Cattaneo, M. D., Idrobo, N., & Titiunik, R. (2020). A Practical Introduction to Regression Discontinuity Designs: Foundations.
A concise, modern guide to RDD that covers the foundations, estimation, inference, and validation. Designed for practitioners and pairs perfectly with the rdrobust software package. Complements the Extensions volume (Cattaneo, Idrobo, and Titiunik, 2024) which covers more advanced settings.
Cattaneo, M. D., Titiunik, R., & Vazquez-Bare, G. (2019). Power Calculations for Regression-Discontinuity Designs.
Provides methods and software for power calculations in RDD, essential for study design and determining adequate sample sizes near the cutoff. The associated rdsampsi command enables researchers to plan appropriately powered RDD studies before data collection.
Application (6)
Angrist, J. D., & Lavy, V. (1999). Using Maimonides' Rule to Estimate the Effect of Class Size on Scholastic Achievement.
This celebrated paper exploited a discontinuity in class size created by Maimonides' ancient rule (maximum 40 students per class) to estimate the effect of class size on test scores. It is one of the earliest and most elegant RDD applications in economics.
McCrary, J. (2008). Manipulation of the Running Variable in the Regression Discontinuity Design: A Density Test.
McCrary developed the standard test for whether agents are manipulating the running variable to sort around the cutoff. If the density of the running variable shows a discontinuity at the cutoff, the RDD is compromised. This density test is now a routine validity check in all RDD papers.

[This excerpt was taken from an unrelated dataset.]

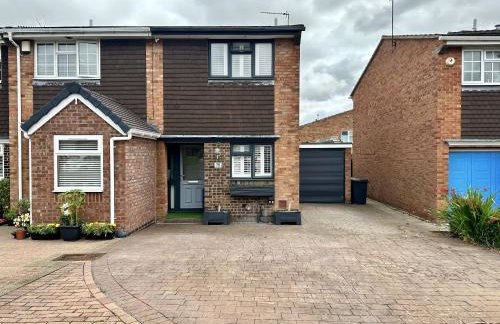 Fantastic 2-Bed House with Parking - Hosted by Hutch Lifestyle - Foto 48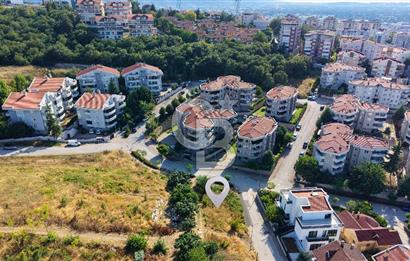 Gümüştepe'de Satılık 897m² Villa İmarlı Köşe Parsel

Chava, S., & Roberts, M. R. (2008). How Does Financing Impact Investment? The Role of Debt Covenants.
Chava and Roberts used an RDD around debt covenant thresholds to study how covenant violations affect firm investment. This paper is an important early application of RDD in corporate finance, where accounting-based thresholds create natural discontinuities.
Flammer, C. (2015). Does Corporate Social Responsibility Lead to Superior Financial Performance? A Regression Discontinuity Approach.

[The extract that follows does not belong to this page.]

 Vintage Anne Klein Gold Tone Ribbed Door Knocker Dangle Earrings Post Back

Flammer applied an RDD to shareholder votes on CSR proposals, comparing firms where proposals barely passed versus barely failed. She found that adopting CSR proposals led to improved financial performance. This paper is one of the best-known RDD applications in a top management journal.
Dell, M. (2010). The Persistent Effects of Peru's Mining Mita.
Uses a geographic RDD exploiting the historical boundary of the mita forced labor system in Peru to estimate the persistent effect of colonial institutions on economic outcomes centuries later. Demonstrates how RDD can exploit spatial discontinuities, not just score-based cutoffs.
Cunat, V., Gine, M., & Guadalupe, M. (2012). The Vote Is Cast: The Effect of Corporate Governance on Shareholder Value.
Uses close shareholder votes on governance proposals as an RDD to estimate the effect of governance changes on firm value. Demonstrates how the RDD framework can be applied in corporate finance and governance research, complementing Flammer (2015) on CSR proposals.
Survey (2)
Lee, D. S., & Lemieux, T. (2010). Regression Discontinuity Designs in Economics.
This comprehensive survey covers the theory, practice, and applications of RDD in economics. It discusses both sharp and fuzzy designs, graphical analysis, specification testing, and common pitfalls. Essential reading for anyone starting with RDD.
Cattaneo, M. D., & Titiunik, R. (2022). Regression Discontinuity Designs.
A recent survey covering the state of the art in RDD methodology, including extensions to fuzzy designs, geographic RDD, and multi-cutoff designs. Provides guidance on current recommended practices and is an excellent entry point to the modern RDD literature.